• [Task statement]:
With the material below, print exactly the lines between the line holding "Fahrzeugabbildung Rapido Vans" and the line holding "earth music&ec", inclusive. Add nothing else.

• [Dataset records]:
--------------------------------------------------
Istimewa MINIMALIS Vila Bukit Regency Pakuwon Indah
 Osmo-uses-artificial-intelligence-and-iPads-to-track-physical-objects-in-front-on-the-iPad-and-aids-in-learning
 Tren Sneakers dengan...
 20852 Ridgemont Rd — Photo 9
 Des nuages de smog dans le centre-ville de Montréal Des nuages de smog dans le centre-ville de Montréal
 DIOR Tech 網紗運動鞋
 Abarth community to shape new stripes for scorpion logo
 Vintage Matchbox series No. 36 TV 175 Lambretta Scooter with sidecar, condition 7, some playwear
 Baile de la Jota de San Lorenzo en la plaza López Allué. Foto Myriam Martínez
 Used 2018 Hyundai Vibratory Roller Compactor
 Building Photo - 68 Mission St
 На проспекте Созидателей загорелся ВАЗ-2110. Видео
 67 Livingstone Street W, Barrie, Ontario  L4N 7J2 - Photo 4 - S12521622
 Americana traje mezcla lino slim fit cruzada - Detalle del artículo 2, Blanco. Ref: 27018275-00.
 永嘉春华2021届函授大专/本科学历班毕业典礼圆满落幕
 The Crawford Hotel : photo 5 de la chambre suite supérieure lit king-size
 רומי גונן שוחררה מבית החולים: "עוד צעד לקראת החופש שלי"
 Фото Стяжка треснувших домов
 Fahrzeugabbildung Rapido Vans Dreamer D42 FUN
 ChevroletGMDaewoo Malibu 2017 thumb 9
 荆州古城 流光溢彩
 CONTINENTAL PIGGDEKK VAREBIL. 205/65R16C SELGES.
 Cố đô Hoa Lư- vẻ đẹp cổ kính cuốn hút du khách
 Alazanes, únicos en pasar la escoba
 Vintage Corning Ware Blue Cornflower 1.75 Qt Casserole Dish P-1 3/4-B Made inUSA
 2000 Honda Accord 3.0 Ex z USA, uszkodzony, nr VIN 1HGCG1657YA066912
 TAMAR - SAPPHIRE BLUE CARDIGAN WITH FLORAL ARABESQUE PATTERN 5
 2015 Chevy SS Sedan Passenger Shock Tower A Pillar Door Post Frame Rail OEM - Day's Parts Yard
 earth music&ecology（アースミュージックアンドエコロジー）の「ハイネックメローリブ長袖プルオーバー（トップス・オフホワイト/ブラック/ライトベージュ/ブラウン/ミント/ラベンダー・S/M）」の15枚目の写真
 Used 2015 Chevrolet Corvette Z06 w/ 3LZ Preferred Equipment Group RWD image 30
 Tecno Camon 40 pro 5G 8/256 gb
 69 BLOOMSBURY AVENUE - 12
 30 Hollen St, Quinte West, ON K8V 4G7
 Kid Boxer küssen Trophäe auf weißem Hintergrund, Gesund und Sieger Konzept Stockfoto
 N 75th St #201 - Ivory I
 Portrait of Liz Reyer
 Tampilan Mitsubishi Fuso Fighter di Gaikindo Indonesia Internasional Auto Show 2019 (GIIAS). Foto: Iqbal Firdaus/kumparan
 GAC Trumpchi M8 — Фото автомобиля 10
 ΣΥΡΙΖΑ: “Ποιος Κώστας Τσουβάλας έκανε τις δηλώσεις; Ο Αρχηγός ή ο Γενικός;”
--------------------------------------------------
• [Response to the exercise]:
 Fahrzeugabbildung Rapido Vans Dreamer D42 FUN
 ChevroletGMDaewoo Malibu 2017 thumb 9
 荆州古城 流光溢彩
 CONTINENTAL PIGGDEKK VAREBIL. 205/65R16C SELGES.
 Cố đô Hoa Lư- vẻ đẹp cổ kính cuốn hút du khách
 Alazanes, únicos en pasar la escoba
 Vintage Corning Ware Blue Cornflower 1.75 Qt Casserole Dish P-1 3/4-B Made inUSA
 2000 Honda Accord 3.0 Ex z USA, uszkodzony, nr VIN 1HGCG1657YA066912
 TAMAR - SAPPHIRE BLUE CARDIGAN WITH FLORAL ARABESQUE PATTERN 5
 2015 Chevy SS Sedan Passenger Shock Tower A Pillar Door Post Frame Rail OEM - Day's Parts Yard
 earth music&ecology（アースミュージックアンドエコロジー）の「ハイネックメローリブ長袖プルオーバー（トップス・オフホワイト/ブラック/ライトベージュ/ブラウン/ミント/ラベンダー・S/M）」の15枚目の写真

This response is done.